Impact

A Milestone Dataset on the Road to Self-Driving Cars Proves Highly Popular

June 27, 2024 8956

The idea of an autonomous vehicle – i.e., a self-driving car – isn’t particularly new. Leonardo da Vinci had some ideas he wrote down in 1478, and actual prototypes appeared in controlled settings even before World War II. But only in the last couple of years has the prospect of widespread consumer use been within reach.

So a decade ago, when four researchers created a dataset built around key aspects of autonomous vehicles, it turned out they were neither ahead of their time nor behind it, but of it. The work describing the KITTI dataset (reflecting its development by the Karlsruhe Institute of Technology and Toyota Technological Institute at Chicago) is the most-cited paper published in a Sage journal in 2013, and so received a Sage 10-Year Impact Award.

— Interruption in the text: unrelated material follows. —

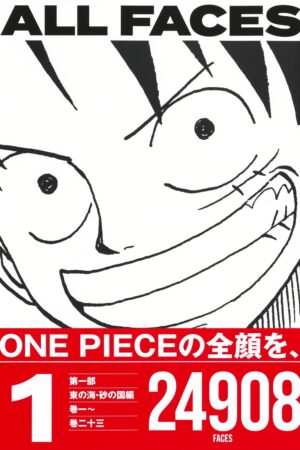 Capa do One Piece Faces Volume 1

“Vision meets robotics: The KITTI dataset,” by Andreas Geiger, then of the Karlsruhe Institute of Technology and Max Planck Institute for Intelligent Systems, Philip Lenz and Christoph Stiller, both at the Department of Measurement and Control Systems at the Karlsruhe Institute of Technology, and Raquel Urtasun of Toyota Technological Institute, and published in The International Journal of Robotics Research, has received 4,721 citations according to Web of Science, and 5,438 based on the methods used by Crossref. The paper describes the researchers’ recording platform and sensors mounted on a Volkswagen station wagon, the data format they used and the utilities they provided for future users of the dataset.

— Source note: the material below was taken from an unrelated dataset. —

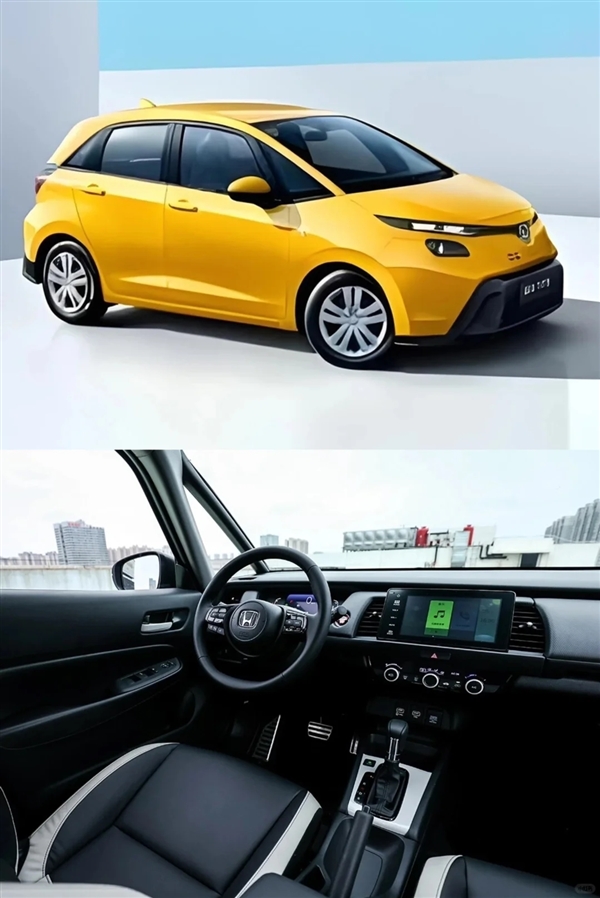 “一代神车”飞度售罄停产 广汽本田：限量3000台不是噱头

This is the fifth year that Sage, the parent of Social Science Space, has awarded 10-Year Impact Awards to the top three most-cited papers of the past decade. As Sage’s president of global publishing, Ziyad Marar, explains, “The impact of academic research, especially in the social and behavioral sciences, often goes beyond the standard two-year citation window. These awards extend that period to 10 years, recognizing work with a deep and lasting impact that might be overlooked in the short term.

We asked the lead author of the article, Andreas Geiger, now head of the Autonomous Vision Group at the University of Tübingen, to reflect on the paper, KITTI, and the nexus of robotics, computer vision and machine learning.

In your estimation, what in your research—and obviously the published paper—is it that has inspired others or that they have glommed onto? 

In 2011, when we started developing the KITTI dataset, there existed no other big datasets and in particular no evaluation benchmarks for independently testing perception algorithms for self-driving. Different research papers used different datasets for evaluation, different metrics, and different baselines. As a consequence, existing methods could not be fairly evaluated and compared against, and the state-of-the-art could not be determined. The KITTI dataset and evaluations have changed this and led to significant improvements across various perception tasks such as 3D reconstruction, object recognition, and vehicle localization. These improvements came about for two reasons: First, self-driving has been popularized as a task in the computer vision community and many people have started working on this problem. In fact, today we have over 70.000 registered accounts on our server.

Second, through fair benchmarking, the state-of-the-art could always be determined, leading to much more rapid progress than was possible before. In addition, the move to open access and open source in our community of course helped with this acceleration. Today, KITTI is recognized as the seminal dataset and benchmark in computer vision for self-driving and many other datasets and benchmarks have followed, including the popular Waymo and the nuScenes datasets.

In the decade since your paper, the idea of self-driving cars have moved into the public consciousness and onto city streets. Has the progress been faster or slower than you might have expected in 2013? How important has having a well-curated dataset or a leaderboard been to that progress?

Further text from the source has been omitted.